By Gary R. Hess. Category: Poetry

Poetry is an amazing art form. There are many different techniques, genres, emotions, and styles one can use to write a poem. Nonetheless, there are a few "commandments" we must follow when writing about this lovely form of art.

  1. I am a poem, thou shall not have false writings before me.

    A poem is a poem and not everything you separate into lines is a poem. Don't write prose and call it one; it isn't.

  2. Thou shall not use the poem's name in vain.

    This is much like the first, but seriously, don't do it! Write poetry because it is poetry and don't call other writings poetry when they aren't. Poetry is a specific literary genre used to express ones emotions in ways prose can't.

  3. Remember to carry the rhythm, always.

    Poetry is mostly about rhythm. Now don't get me wrong, the entire poem doesn't need to be written in iambic-pentameter. However, keep it uniform. One line may be iambic-pentameter, the next iambic-trimeter, followed by iambic-pentameter again. It doesn't really matter. But the poem must flow. Read it aloud. Read it to yourself. Now read it aloud again. Does it flow? If not, change it.

  4. Honor thy meters and thy stanzas.

    Meters and stanzas aren't a literary term only for your amusement, use them!

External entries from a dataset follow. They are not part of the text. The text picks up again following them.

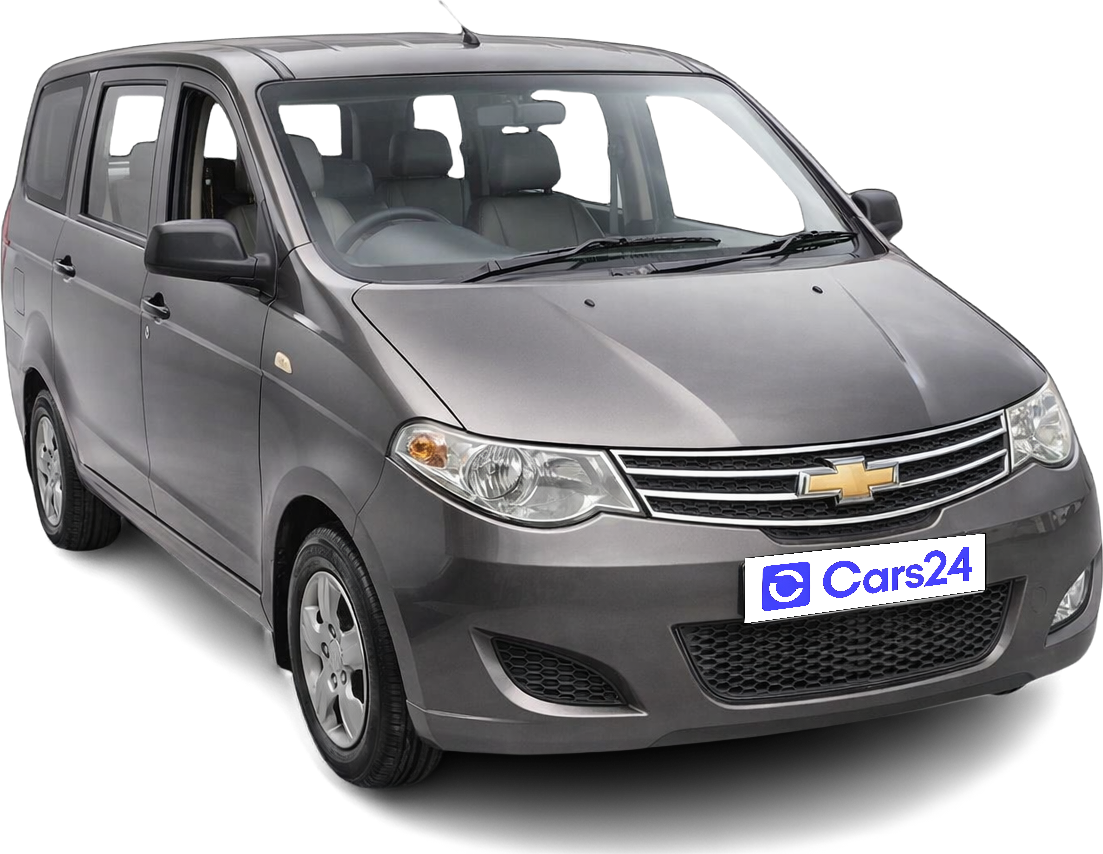 2013 Chevrolet Enjoy - SUV - Diesel - Manual - ₹1.38 lakh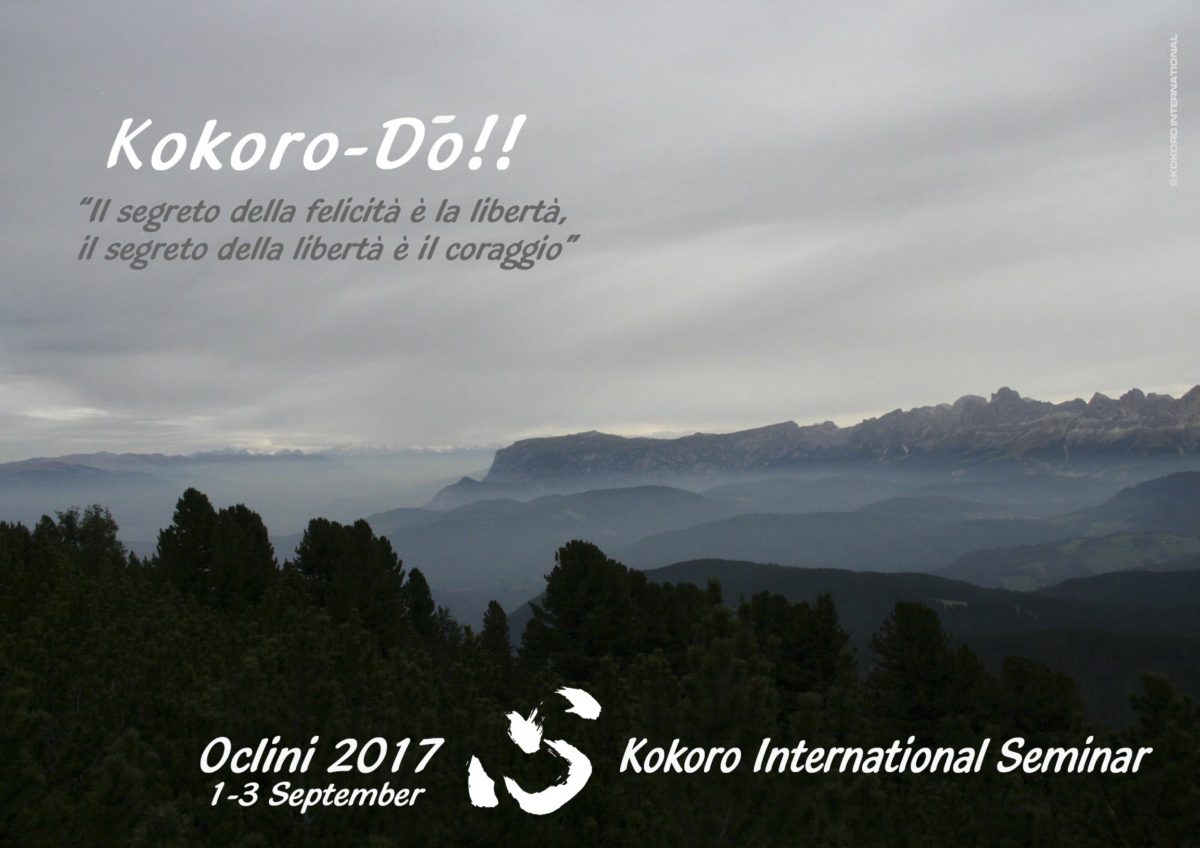 Kokoro International Seminar 2017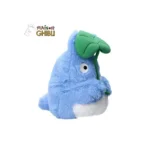 My Neighbor Totoro Plush – Medium with Leaf 20 cm 4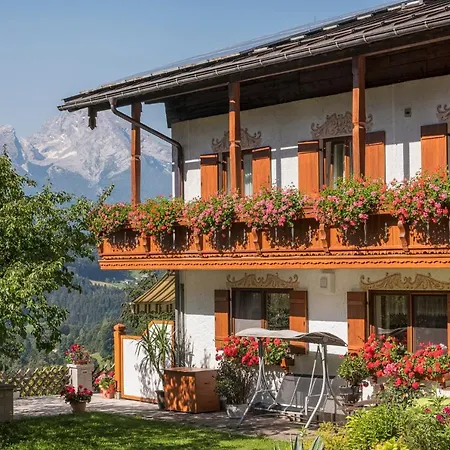 Πανσιόν Gaestehaus Sonnenbichl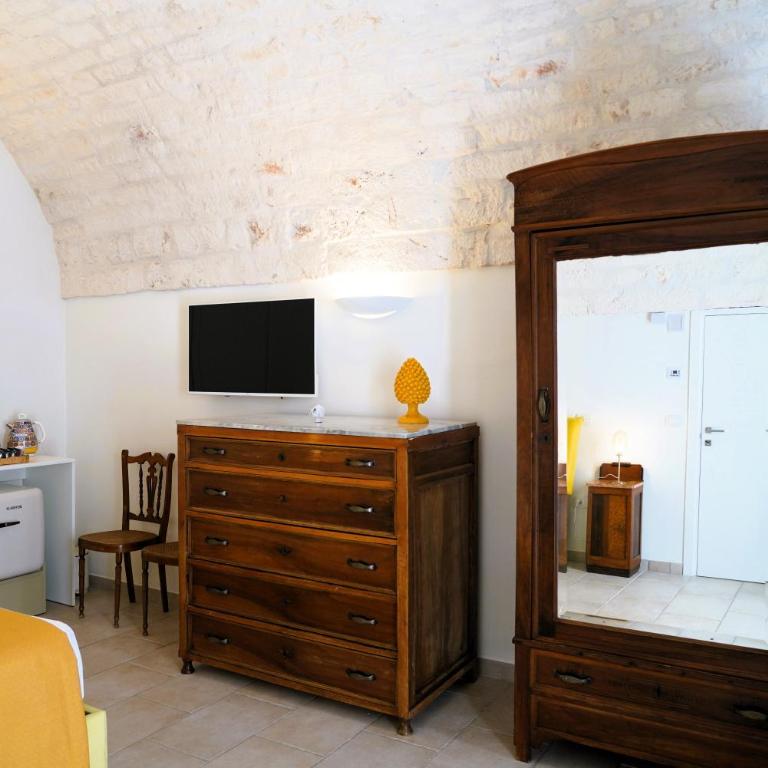 Palazzo Sozzi - ANTICO SPLENDORE nel CUORE di OSTUNI - Standard Double Room - 28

  5. Thou shall not force rhyme.

    I've done this several times, everyone does. Actually, sometimes when I'm reading famous classical works I notice something that looks forced. That's a big no no. Rhyming is great for keeping flow, but it isn't the only way to do so. Rhyme when it is possible, but don't over-rhyme. If you can't find a word to rhyme with, then it isn't meant to be.

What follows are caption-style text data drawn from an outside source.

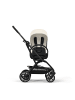 Cybex Cybex Eezy S Twist+2 Buggy - Farbe: Canvas White / Gestell Black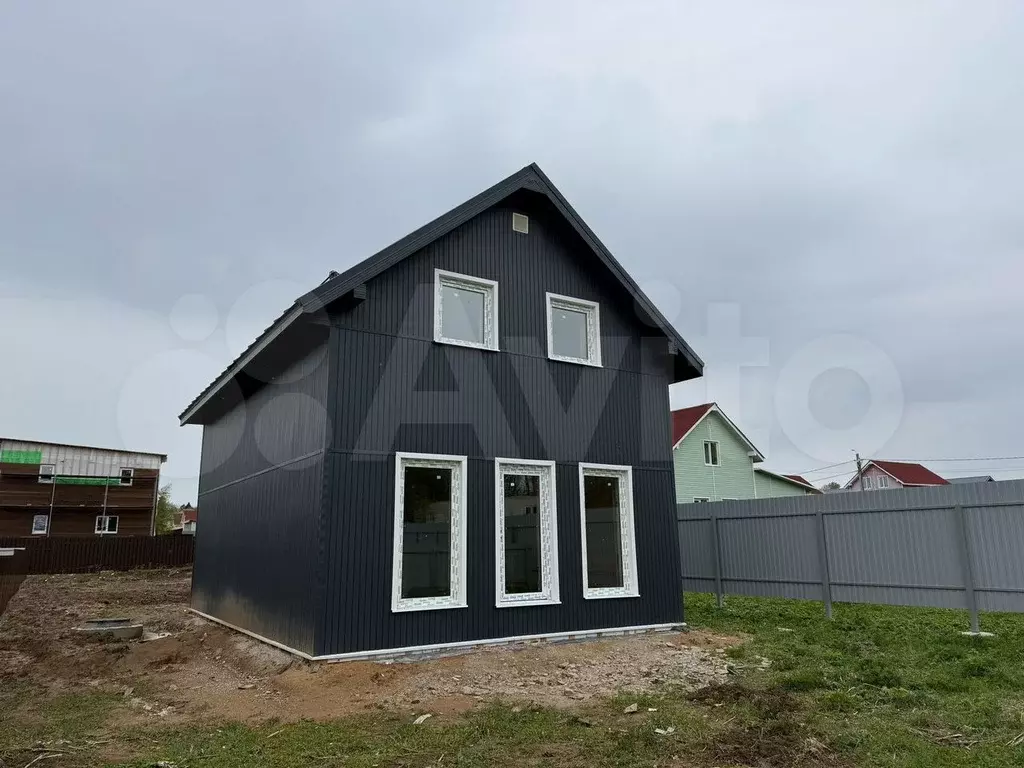 Дом 108 м на участке 4 сот. - Фото 1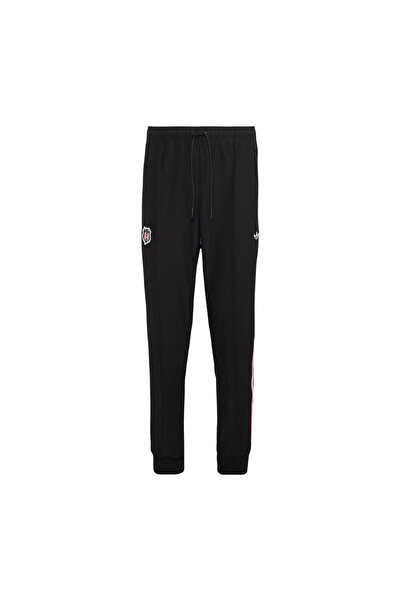 Beşiktaş Jm4907-E Adidas Bjk Icon Tp Men's Sweatpants Black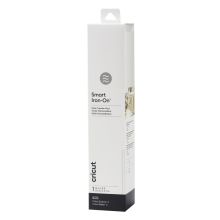 Självhäftande vinyl för skärplotter Cricut Smart Iron-On Vit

  6. Thou shall not commit to one emotion.

    Many young poets (and some older) feel it is easiest to write when they are in love or feeling down. I know this was true for me at one time. However, those aren't the only two emotions we feel and they aren't the only emotions your readers feel. Give them laughter, give them greatness, give them beauty! And I'm not just talking about your emotions, but the emotions you express in your writings.

  7. Thou shall not steal.

    Please, please for the love of literature, do not steal other writer's work and claim it as your own.

  8. Thou shall not bear false witness against thy rhythm.

    Don't try to keep a "false rhythm." A rhythm is there for your reader's to read smoothly and feel an emotion. Don't use a rhythm that doesn't work when read aloud.

  9. Thou shall not covet thy neighbor's poem.

    Don't try to be Emily Dickinson or Maya Angelou, be yourself. Most great poets are great because they are unique, not because they sound exactly like every other poet.

  10. Thou shall not covet thy neighbor's pen.

    Buy your own, fool! But seriously, use your own voice and not your neighbor's. That is, unless you have a character in your poem which your neighbor would play a great part as.

You might be wondering what 10 Commandments this is based off of. It is the Catholic ten.